Valve offered a blunt account of what buying RAM looks like during the current memory shortage, claiming that suppliers effectively present companies with a price and allocation that they must either accept or risk losing access altogether.
Speaking to Gamers Nexus (via Kotaku) during its Steam Machine review, Valve engineer Pierre-Loup Griffais said the company had been unable to lock in long-term contracts with memory manufacturers.
“There’s no contracts. There’s nothing,” Griffais said, explaining that suppliers instead provide Valve with a new price and a fixed quantity that it can purchase each month.
The arrangement is apparently not much of a negotiation. Valve can accept the offer or decline it, but Griffais claimed that saying no could mean the supplier “never” speaks to the company again.
RAM suppliers control both price and availability
The comments paint a particularly harsh picture of the current memory market, where a relatively small number of manufacturers, including Samsung, Micron and SK Hynix, produce most of the world’s DRAM.
Companies purchasing memory are not simply dealing with higher prices. According to Valve, they also have limited control over how much RAM they can obtain, when it will become available and how far in advance they can plan production.
That makes budgeting and manufacturing considerably more difficult for a hardware product such as the Steam Machine. Valve cannot reliably secure a fixed quantity of RAM at an agreed price months or years ahead, leaving component costs vulnerable to frequent changes.
The company previously said that shortages affecting memory and storage had forced it to reconsider the Steam Machine’s original pricing and release plans.
The final system is priced at $1,049 for the 512GB model, while the 2TB version costs $1,349. Adding a Steam Controller increases those prices to $1,128 and $1,428, respectively.
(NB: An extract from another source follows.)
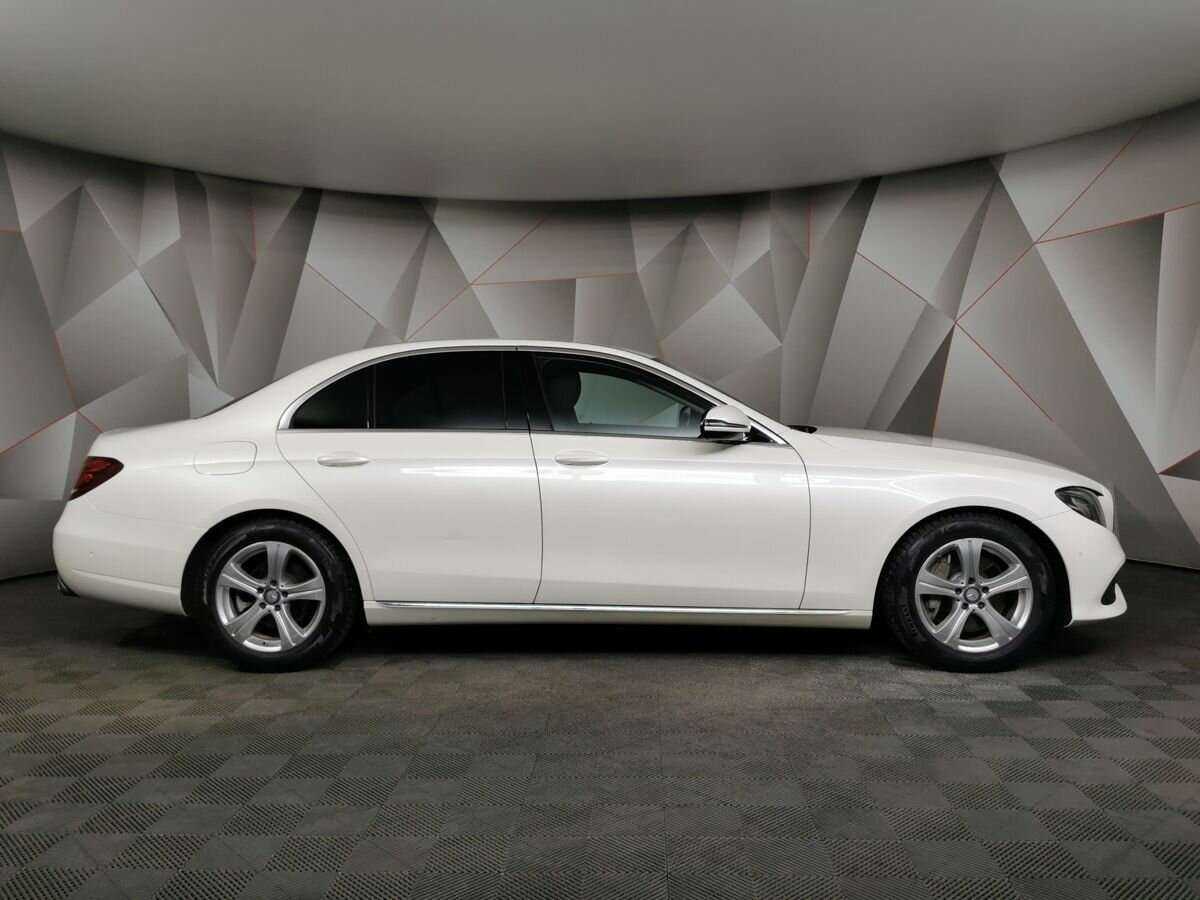 Купить Mercedes-Benz E-Класс 300, 2017, 77 793 км, фото №6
Valve is also not subsidising the Steam Machine in the way console manufacturers sometimes subsidise hardware and recover the cost through software, subscriptions or a closed digital storefront. The company says the device is being sold at approximately the cost of its components, making changes in RAM and storage prices more visible in the final retail price.
Steam Machines may use different RAM configurations
The supply problems have also affected how the Steam Machine is assembled.
Valve says units may ship with either a single 16GB DDR5 module or two 8GB modules, depending on what components the company can obtain. Both configurations provide the advertised total of 16GB, but the two-module setup can operate in dual-channel mode and offer greater memory bandwidth.
Gamers Nexus noted that dual-channel memory is technically the better configuration. However, Valve engineer Yazan Aldehayyat said the company did not find any measurable difference between the two arrangements during its gaming tests.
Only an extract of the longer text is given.